==== RECORDED INFORMATION
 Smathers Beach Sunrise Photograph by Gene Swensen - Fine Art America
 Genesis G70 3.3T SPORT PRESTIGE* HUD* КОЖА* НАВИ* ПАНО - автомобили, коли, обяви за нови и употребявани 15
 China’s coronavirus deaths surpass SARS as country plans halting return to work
========
==== RECORDED INFORMATION
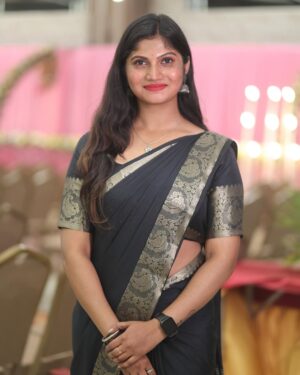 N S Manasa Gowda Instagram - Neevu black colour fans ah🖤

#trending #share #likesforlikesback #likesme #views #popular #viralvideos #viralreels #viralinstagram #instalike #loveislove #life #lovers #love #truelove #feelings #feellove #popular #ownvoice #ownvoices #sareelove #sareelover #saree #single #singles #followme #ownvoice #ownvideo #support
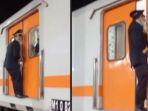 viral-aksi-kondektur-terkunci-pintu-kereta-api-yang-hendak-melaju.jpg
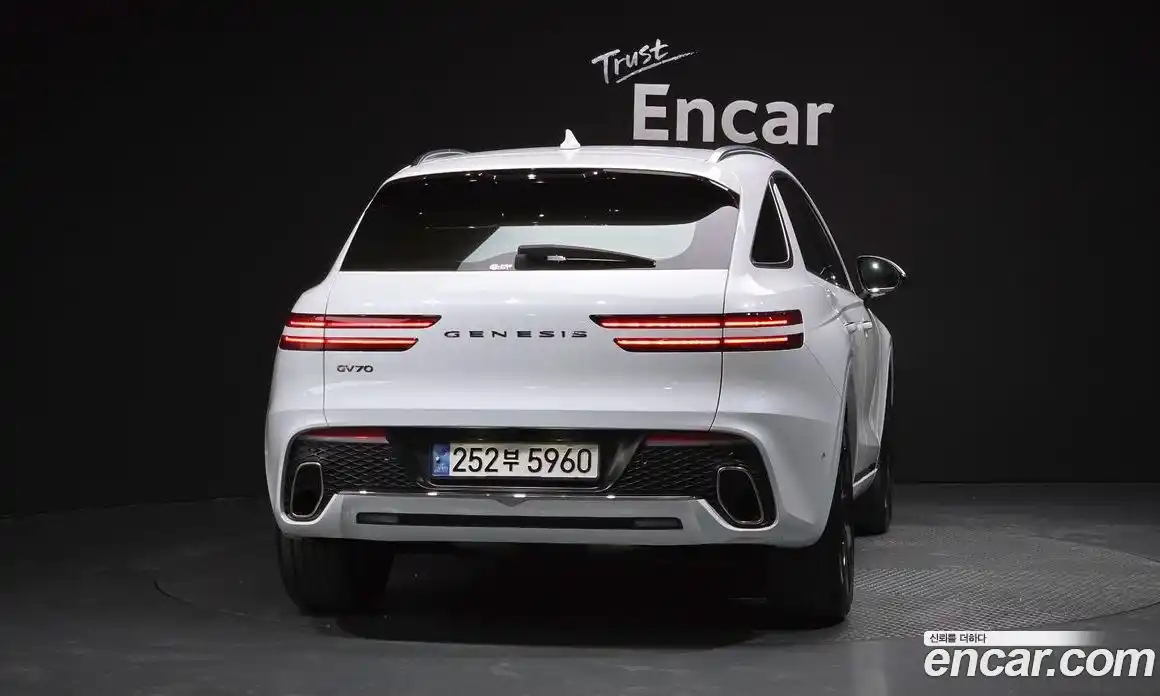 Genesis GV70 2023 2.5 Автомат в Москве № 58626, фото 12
========
TASK BRIEF »
Output only the lines above from the line that holds "N S Manasa Gowda" through the line that holds "#trending #share #likesforlikesback", both ends included, and exclude pictures.

WRITTEN RESPONSE »
 N S Manasa Gowda Instagram - Neevu black colour fans ah🖤

#trending #share #likesforlikesback #likesme #views #popular #viralvideos #viralreels #viralinstagram #instalike #loveislove #life #lovers #love #truelove #feelings #feellove #popular #ownvoice #ownvoices #sareelove #sareelover #saree #single #singles #followme #ownvoice #ownvideo #support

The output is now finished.